I would like every record below transcribed exactly as it is.
________________
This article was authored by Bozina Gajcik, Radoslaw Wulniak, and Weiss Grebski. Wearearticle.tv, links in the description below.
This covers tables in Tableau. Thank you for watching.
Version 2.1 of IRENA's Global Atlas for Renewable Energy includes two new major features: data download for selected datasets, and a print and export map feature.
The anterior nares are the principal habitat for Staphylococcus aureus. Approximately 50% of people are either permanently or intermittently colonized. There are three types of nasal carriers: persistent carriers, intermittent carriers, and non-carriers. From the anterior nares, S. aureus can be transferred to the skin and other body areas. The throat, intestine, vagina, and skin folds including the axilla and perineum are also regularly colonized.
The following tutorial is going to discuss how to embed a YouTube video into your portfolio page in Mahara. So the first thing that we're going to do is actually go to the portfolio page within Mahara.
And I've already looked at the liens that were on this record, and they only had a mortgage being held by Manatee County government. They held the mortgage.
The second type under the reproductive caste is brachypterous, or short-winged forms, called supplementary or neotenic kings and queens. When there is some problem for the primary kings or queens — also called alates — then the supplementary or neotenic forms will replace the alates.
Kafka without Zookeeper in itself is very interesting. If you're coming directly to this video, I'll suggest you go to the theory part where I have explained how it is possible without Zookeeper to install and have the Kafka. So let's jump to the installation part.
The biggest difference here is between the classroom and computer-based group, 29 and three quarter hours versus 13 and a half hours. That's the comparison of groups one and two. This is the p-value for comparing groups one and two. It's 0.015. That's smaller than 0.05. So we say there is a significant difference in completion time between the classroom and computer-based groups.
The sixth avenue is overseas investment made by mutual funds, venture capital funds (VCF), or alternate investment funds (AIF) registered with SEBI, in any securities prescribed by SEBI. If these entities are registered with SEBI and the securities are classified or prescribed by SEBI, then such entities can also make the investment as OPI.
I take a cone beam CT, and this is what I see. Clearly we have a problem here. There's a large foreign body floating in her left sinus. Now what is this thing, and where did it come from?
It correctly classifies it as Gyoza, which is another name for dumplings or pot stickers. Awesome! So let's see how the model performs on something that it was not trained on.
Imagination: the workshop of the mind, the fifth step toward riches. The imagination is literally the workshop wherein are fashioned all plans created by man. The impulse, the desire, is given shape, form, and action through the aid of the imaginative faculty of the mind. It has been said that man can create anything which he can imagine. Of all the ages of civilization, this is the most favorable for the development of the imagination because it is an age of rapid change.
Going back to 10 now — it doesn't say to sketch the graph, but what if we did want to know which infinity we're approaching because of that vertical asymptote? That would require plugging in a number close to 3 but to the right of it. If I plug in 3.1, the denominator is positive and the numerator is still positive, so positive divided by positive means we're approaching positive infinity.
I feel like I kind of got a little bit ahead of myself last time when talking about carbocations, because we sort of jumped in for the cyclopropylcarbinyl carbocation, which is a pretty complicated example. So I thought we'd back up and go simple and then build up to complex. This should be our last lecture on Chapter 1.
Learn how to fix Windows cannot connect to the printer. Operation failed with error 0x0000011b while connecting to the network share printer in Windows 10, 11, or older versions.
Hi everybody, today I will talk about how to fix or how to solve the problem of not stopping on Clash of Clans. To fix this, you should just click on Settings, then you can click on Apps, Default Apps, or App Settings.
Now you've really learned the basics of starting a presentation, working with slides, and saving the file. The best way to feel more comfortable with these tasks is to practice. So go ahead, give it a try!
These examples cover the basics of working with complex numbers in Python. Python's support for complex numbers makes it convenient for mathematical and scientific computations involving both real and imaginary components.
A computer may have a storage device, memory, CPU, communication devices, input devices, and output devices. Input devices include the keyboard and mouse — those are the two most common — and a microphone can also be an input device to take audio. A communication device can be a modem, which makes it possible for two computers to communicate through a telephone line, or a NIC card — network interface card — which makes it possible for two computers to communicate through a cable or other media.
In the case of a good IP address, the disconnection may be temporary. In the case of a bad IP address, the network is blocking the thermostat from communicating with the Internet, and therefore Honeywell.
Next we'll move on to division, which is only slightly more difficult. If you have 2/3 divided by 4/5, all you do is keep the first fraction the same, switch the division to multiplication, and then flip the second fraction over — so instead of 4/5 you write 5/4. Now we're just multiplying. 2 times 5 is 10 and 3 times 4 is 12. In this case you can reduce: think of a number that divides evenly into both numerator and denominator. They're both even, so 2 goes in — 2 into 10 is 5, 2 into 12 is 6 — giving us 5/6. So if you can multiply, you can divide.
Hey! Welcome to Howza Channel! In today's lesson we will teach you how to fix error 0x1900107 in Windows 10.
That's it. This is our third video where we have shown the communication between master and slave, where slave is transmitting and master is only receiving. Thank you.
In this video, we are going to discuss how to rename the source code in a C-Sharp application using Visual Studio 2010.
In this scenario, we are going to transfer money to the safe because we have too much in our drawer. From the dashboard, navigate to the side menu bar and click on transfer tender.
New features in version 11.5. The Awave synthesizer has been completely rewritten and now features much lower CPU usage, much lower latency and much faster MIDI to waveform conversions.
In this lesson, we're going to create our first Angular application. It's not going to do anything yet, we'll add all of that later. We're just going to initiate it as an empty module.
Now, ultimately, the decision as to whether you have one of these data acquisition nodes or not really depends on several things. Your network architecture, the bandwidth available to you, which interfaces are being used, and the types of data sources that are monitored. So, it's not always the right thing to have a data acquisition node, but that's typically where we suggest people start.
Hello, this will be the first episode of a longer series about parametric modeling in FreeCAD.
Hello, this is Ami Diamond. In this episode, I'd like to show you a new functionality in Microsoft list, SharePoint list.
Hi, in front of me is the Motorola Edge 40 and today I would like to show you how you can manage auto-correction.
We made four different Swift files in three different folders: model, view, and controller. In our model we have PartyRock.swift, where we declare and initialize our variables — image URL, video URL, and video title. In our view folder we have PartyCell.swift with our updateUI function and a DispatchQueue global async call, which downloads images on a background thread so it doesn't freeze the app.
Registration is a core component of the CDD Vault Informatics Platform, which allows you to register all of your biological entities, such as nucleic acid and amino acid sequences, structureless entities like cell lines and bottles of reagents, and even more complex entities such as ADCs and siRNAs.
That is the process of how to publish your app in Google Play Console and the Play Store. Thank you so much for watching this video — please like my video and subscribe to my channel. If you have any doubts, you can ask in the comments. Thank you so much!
________________
Response area >>
This article was authored by Bozina Gajcik, Radoslaw Wulniak, and Weiss Grebski. Wearearticle.tv, links in the description below.
This covers tables in Tableau. Thank you for watching.
Version 2.1 of IRENA's Global Atlas for Renewable Energy includes two new major features: data download for selected datasets, and a print and export map feature.
The anterior nares are the principal habitat for Staphylococcus aureus. Approximately 50% of people are either permanently or intermittently colonized. There are three types of nasal carriers: persistent carriers, intermittent carriers, and non-carriers. From the anterior nares, S. aureus can be transferred to the skin and other body areas. The throat, intestine, vagina, and skin folds including the axilla and perineum are also regularly colonized.
The following tutorial is going to discuss how to embed a YouTube video into your portfolio page in Mahara. So the first thing that we're going to do is actually go to the portfolio page within Mahara.
And I've already looked at the liens that were on this record, and they only had a mortgage being held by Manatee County government. They held the mortgage.
The second type under the reproductive caste is brachypterous, or short-winged forms, called supplementary or neotenic kings and queens. When there is some problem for the primary kings or queens — also called alates — then the supplementary or neotenic forms will replace the alates.
Kafka without Zookeeper in itself is very interesting. If you're coming directly to this video, I'll suggest you go to the theory part where I have explained how it is possible without Zookeeper to install and have the Kafka. So let's jump to the installation part.
The biggest difference here is between the classroom and computer-based group, 29 and three quarter hours versus 13 and a half hours. That's the comparison of groups one and two. This is the p-value for comparing groups one and two. It's 0.015. That's smaller than 0.05. So we say there is a significant difference in completion time between the classroom and computer-based groups.
The sixth avenue is overseas investment made by mutual funds, venture capital funds (VCF), or alternate investment funds (AIF) registered with SEBI, in any securities prescribed by SEBI. If these entities are registered with SEBI and the securities are classified or prescribed by SEBI, then such entities can also make the investment as OPI.
I take a cone beam CT, and this is what I see. Clearly we have a problem here. There's a large foreign body floating in her left sinus. Now what is this thing, and where did it come from?
It correctly classifies it as Gyoza, which is another name for dumplings or pot stickers. Awesome! So let's see how the model performs on something that it was not trained on.
Imagination: the workshop of the mind, the fifth step toward riches. The imagination is literally the workshop wherein are fashioned all plans created by man. The impulse, the desire, is given shape, form, and action through the aid of the imaginative faculty of the mind. It has been said that man can create anything which he can imagine. Of all the ages of civilization, this is the most favorable for the development of the imagination because it is an age of rapid change.
Going back to 10 now — it doesn't say to sketch the graph, but what if we did want to know which infinity we're approaching because of that vertical asymptote? That would require plugging in a number close to 3 but to the right of it. If I plug in 3.1, the denominator is positive and the numerator is still positive, so positive divided by positive means we're approaching positive infinity.
I feel like I kind of got a little bit ahead of myself last time when talking about carbocations, because we sort of jumped in for the cyclopropylcarbinyl carbocation, which is a pretty complicated example. So I thought we'd back up and go simple and then build up to complex. This should be our last lecture on Chapter 1.
Learn how to fix Windows cannot connect to the printer. Operation failed with error 0x0000011b while connecting to the network share printer in Windows 10, 11, or older versions.
Hi everybody, today I will talk about how to fix or how to solve the problem of not stopping on Clash of Clans. To fix this, you should just click on Settings, then you can click on Apps, Default Apps, or App Settings.
Now you've really learned the basics of starting a presentation, working with slides, and saving the file. The best way to feel more comfortable with these tasks is to practice. So go ahead, give it a try!
These examples cover the basics of working with complex numbers in Python. Python's support for complex numbers makes it convenient for mathematical and scientific computations involving both real and imaginary components.
A computer may have a storage device, memory, CPU, communication devices, input devices, and output devices. Input devices include the keyboard and mouse — those are the two most common — and a microphone can also be an input device to take audio. A communication device can be a modem, which makes it possible for two computers to communicate through a telephone line, or a NIC card — network interface card — which makes it possible for two computers to communicate through a cable or other media.
In the case of a good IP address, the disconnection may be temporary. In the case of a bad IP address, the network is blocking the thermostat from communicating with the Internet, and therefore Honeywell.
Next we'll move on to division, which is only slightly more difficult. If you have 2/3 divided by 4/5, all you do is keep the first fraction the same, switch the division to multiplication, and then flip the second fraction over — so instead of 4/5 you write 5/4. Now we're just multiplying. 2 times 5 is 10 and 3 times 4 is 12. In this case you can reduce: think of a number that divides evenly into both numerator and denominator. They're both even, so 2 goes in — 2 into 10 is 5, 2 into 12 is 6 — giving us 5/6. So if you can multiply, you can divide.
Hey! Welcome to Howza Channel! In today's lesson we will teach you how to fix error 0x1900107 in Windows 10.
That's it. This is our third video where we have shown the communication between master and slave, where slave is transmitting and master is only receiving. Thank you.
In this video, we are going to discuss how to rename the source code in a C-Sharp application using Visual Studio 2010.
In this scenario, we are going to transfer money to the safe because we have too much in our drawer. From the dashboard, navigate to the side menu bar and click on transfer tender.
New features in version 11.5. The Awave synthesizer has been completely rewritten and now features much lower CPU usage, much lower latency and much faster MIDI to waveform conversions.
In this lesson, we're going to create our first Angular application. It's not going to do anything yet, we'll add all of that later. We're just going to initiate it as an empty module.
Now, ultimately, the decision as to whether you have one of these data acquisition nodes or not really depends on several things. Your network architecture, the bandwidth available to you, which interfaces are being used, and the types of data sources that are monitored. So, it's not always the right thing to have a data acquisition node, but that's typically where we suggest people start.
Hello, this will be the first episode of a longer series about parametric modeling in FreeCAD.
Hello, this is Ami Diamond. In this episode, I'd like to show you a new functionality in Microsoft list, SharePoint list.
Hi, in front of me is the Motorola Edge 40 and today I would like to show you how you can manage auto-correction.
We made four different Swift files in three different folders: model, view, and controller. In our model we have PartyRock.swift, where we declare and initialize our variables — image URL, video URL, and video title. In our view folder we have PartyCell.swift with our updateUI function and a DispatchQueue global async call, which downloads images on a background thread so it doesn't freeze the app.
Registration is a core component of the CDD Vault Informatics Platform, which allows you to register all of your biological entities, such as nucleic acid and amino acid sequences, structureless entities like cell lines and bottles of reagents, and even more complex entities such as ADCs and siRNAs.
That is the process of how to publish your app in Google Play Console and the Play Store. Thank you so much for watching this video — please like my video and subscribe to my channel. If you have any doubts, you can ask in the comments. Thank you so much!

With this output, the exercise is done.